Hundreds of Calgarians gather at city hall for 'Stop the UCP' rally
Protest focuses on bills targeting gender-affirming care for youth
More than 1,000 Calgarians showed up at city hall Saturday to protest against the United Conservative government.
The "Stop the UCP" rally, organized by Trans Action Alberta and Queer Citizens United, ran from about 4 p.m. to 6 p.m. and featured speakers including NDP Leader Naheed Nenshi.
The Alberta government introduced bills earlier this week to prohibit minors from receiving certain types of gender-affirming care, require parents be notified when a child wants to use a different name or pronoun in the classroom, and also require that parents opt-in before their children are taught about sex in class.
Another bill is designed to address the participation of transgender athletes in sport.
Egale Canada and the Skipping Stone Foundation are responding to the province's introduced legislation by taking legal action, the organizations said.
Victoria Bucholtz, an organizer with Momentum Canada, Trans Action Alberta and Queer Citizens United, told CBC News the protest Saturday was not just about fighting against those bills and supporting trans rights in Alberta.
"We're here because of schools that need funding, that need teachers who are ... being paid a living wage for the vital care that they provide our students," Bucholtz said. "We're here because we're seeing doctors not supported, nurses not supported. This is a broad coalition of Albertans who are saying 'this government is not serving us.'"
She added protestors are calling on the provincial government to stop introducing policies that politicize the lives of trans people.
"Stick to your mandate. Fund the schools, fund health care and leave trans people alone."
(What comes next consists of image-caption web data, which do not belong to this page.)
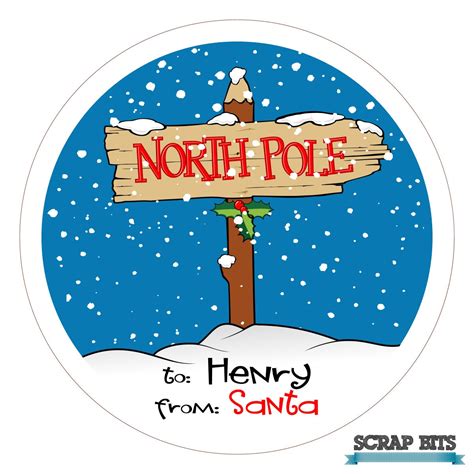 North Pole From Santa Personalized Christmas Stickers By Scrapbits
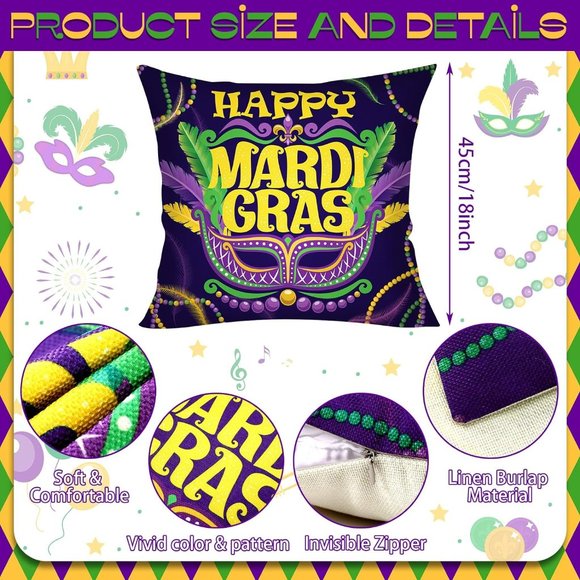 NWOT Mardi Gras Pillow Covers 18x18 Set of 4 Happy Mardi Gras - Picture 5 of 6
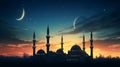 Islamic, Silhouette mosques on dusk sky twilight with crescent moon over mountain, religion of Islam and free space for text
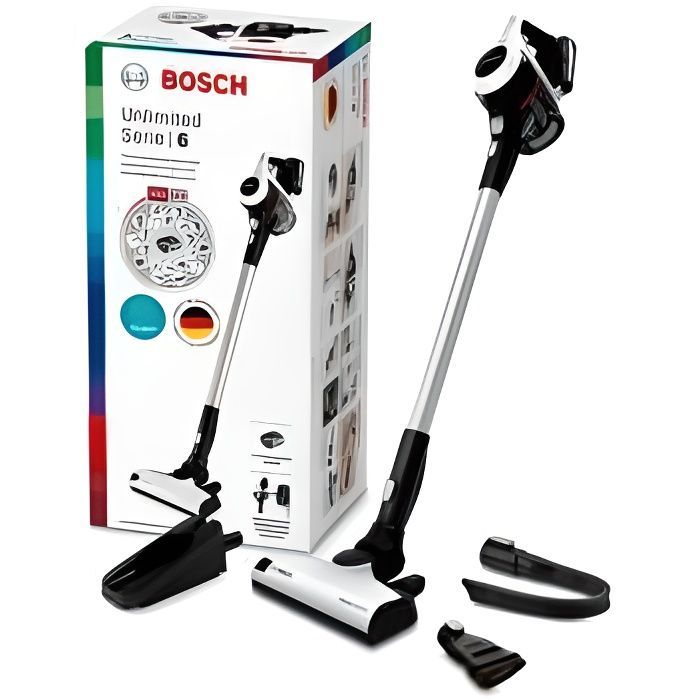 Cordless stick vacuum cleaner - Bosch - Unlimited Series I 6 - White - Bagless - Multifunctional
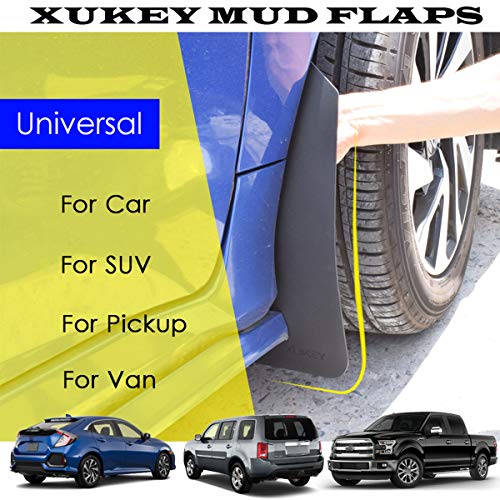 Image of XUKEY Universal Mud Flaps, Front and Rear Deluxe Molded Black Splash Guards, PP+TPO Plastic, 4-Pack Set with Screw Fixings, for Car, Pickup, SUV, Van, Truck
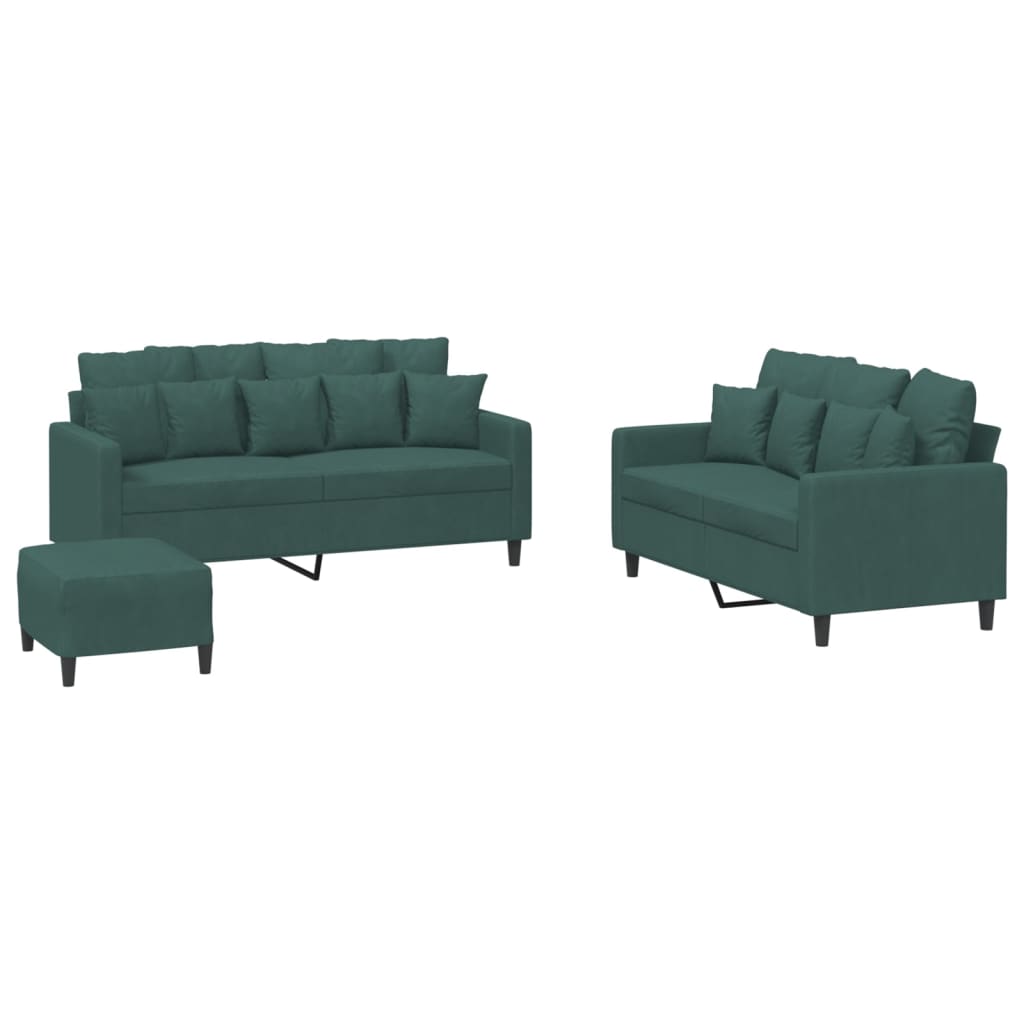 3-delige Loungeset met kussens fluweel donkergroen is nu te koop bij PeponiXL, paradijselijk wonen!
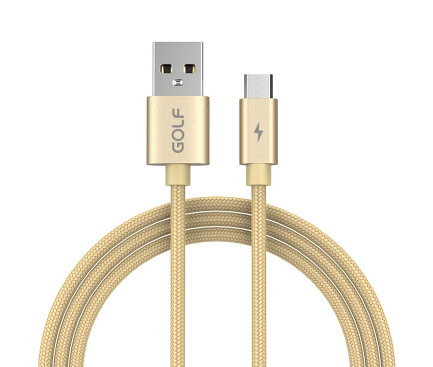 Cablu Date si Incarcare USB la MicroUSB Golf GC-76M, 5A, 1 m, Auriu, Blister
Bucholtz said the province should leave the health care of trans youth to doctors and stay out of the relationships between trans youth and their teachers.
"Return social transition to those trans kids who, as they're coming out, may come out to a teacher before they come out to a parent, or vice versa," she said. "Let that process develop naturally instead of including government provisions in that."
Bucholtz said this was the broadest rally she and the groups she represents have ever organized.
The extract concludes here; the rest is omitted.